### What you have to do
The expected result is a word-for-word copy of the entries, minus any pictures.

BEGIN

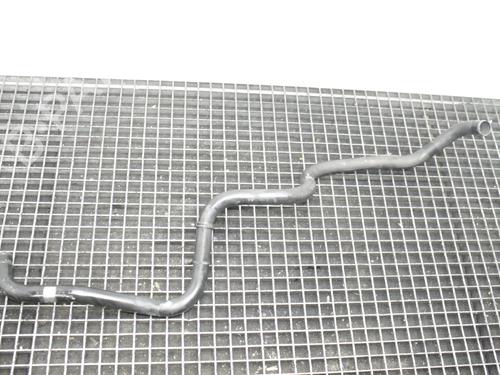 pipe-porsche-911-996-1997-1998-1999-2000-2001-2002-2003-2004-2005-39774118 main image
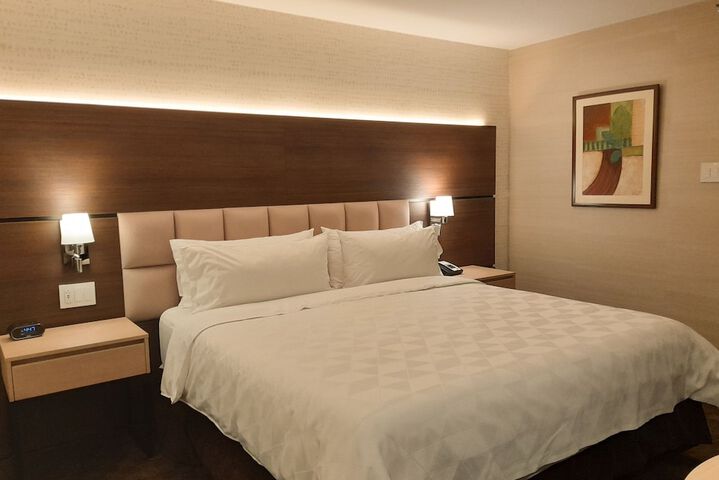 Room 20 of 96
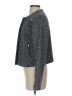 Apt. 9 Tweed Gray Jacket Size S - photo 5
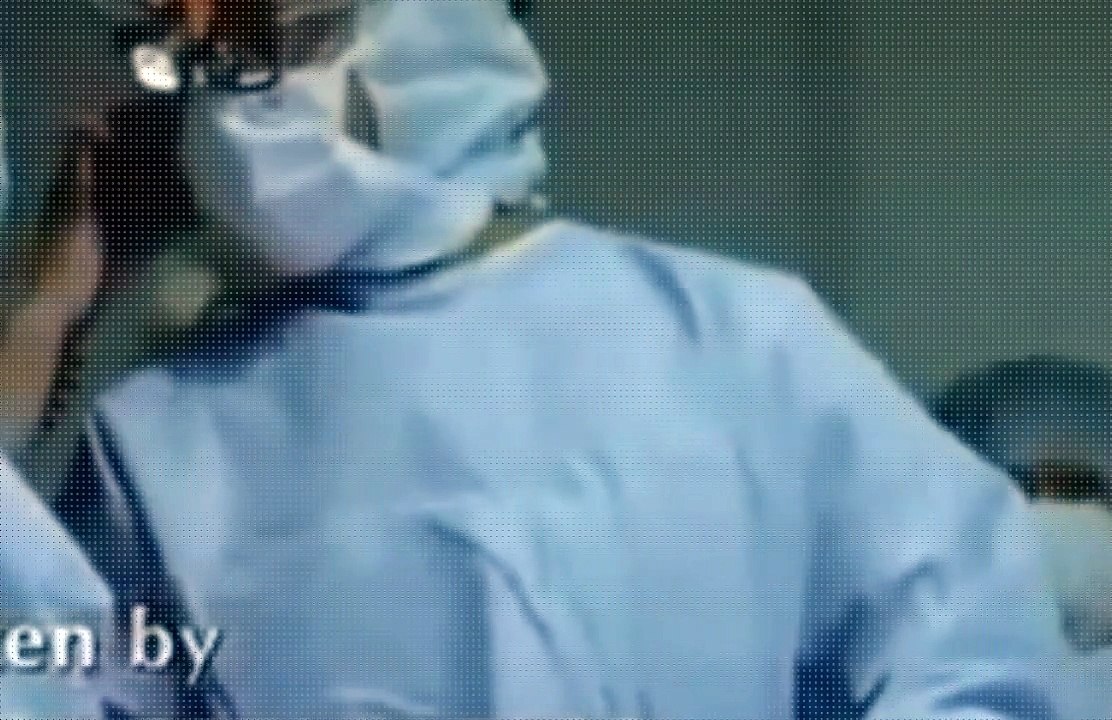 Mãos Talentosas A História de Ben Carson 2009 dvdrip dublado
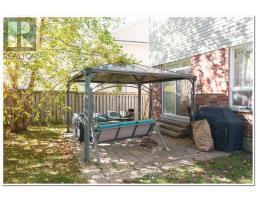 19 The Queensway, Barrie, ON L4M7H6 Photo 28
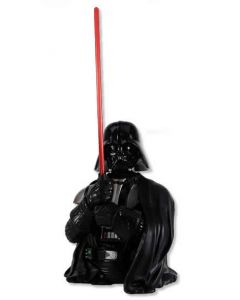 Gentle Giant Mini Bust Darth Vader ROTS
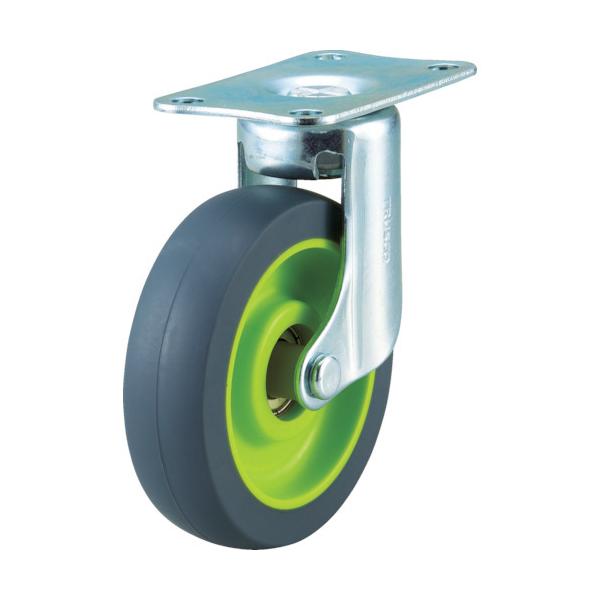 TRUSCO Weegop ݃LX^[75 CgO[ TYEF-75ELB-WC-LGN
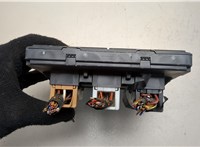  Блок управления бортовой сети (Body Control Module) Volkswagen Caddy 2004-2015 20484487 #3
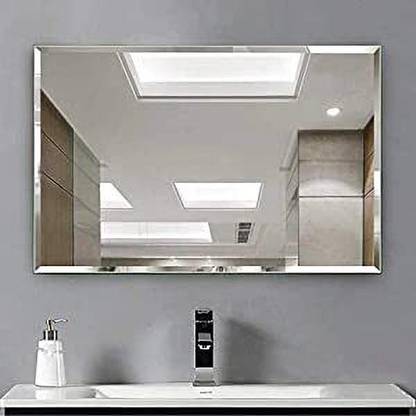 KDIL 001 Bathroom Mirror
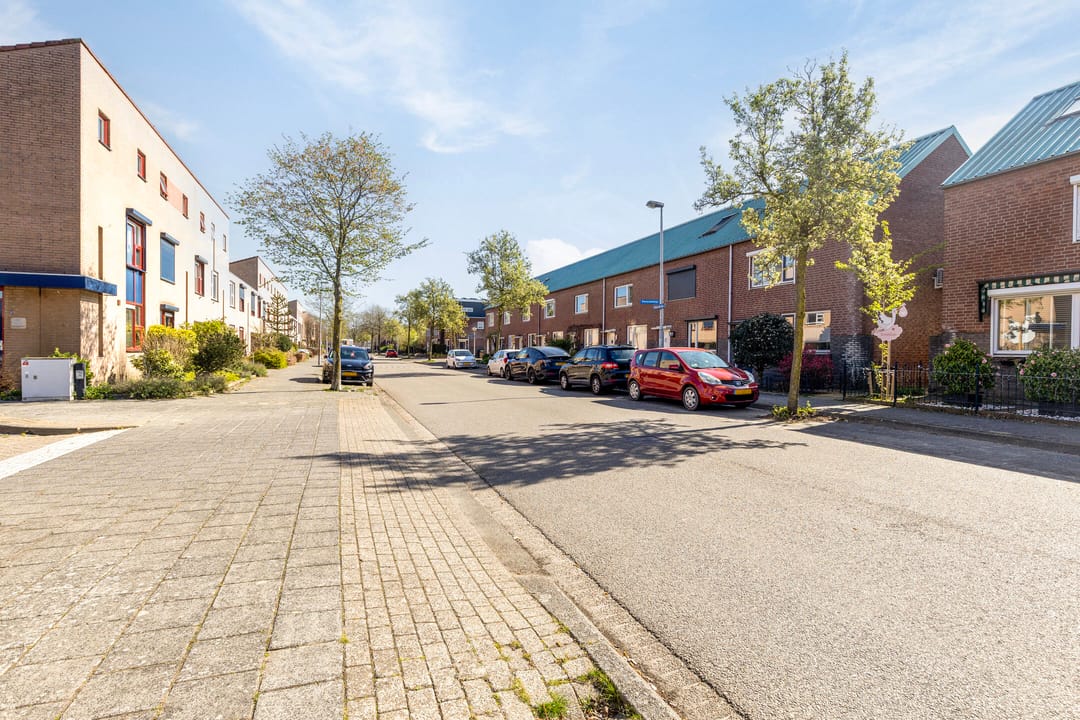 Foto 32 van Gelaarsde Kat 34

END

### Expected answer
 pipe-porsche-911-996-1997-1998-1999-2000-2001-2002-2003-2004-2005-39774118 main image
 Room 20 of 96
 Apt. 9 Tweed Gray Jacket Size S - photo 5
 Mãos Talentosas A História de Ben Carson 2009 dvdrip dublado
 19 The Queensway, Barrie, ON L4M7H6 Photo 28
 Gentle Giant Mini Bust Darth Vader ROTS
 TRUSCO Weegop ݃LX^[75 CgO[ TYEF-75ELB-WC-LGN
  Блок управления бортовой сети (Body Control Module) Volkswagen Caddy 2004-2015 20484487 #3
 KDIL 001 Bathroom Mirror
 Foto 32 van Gelaarsde Kat 34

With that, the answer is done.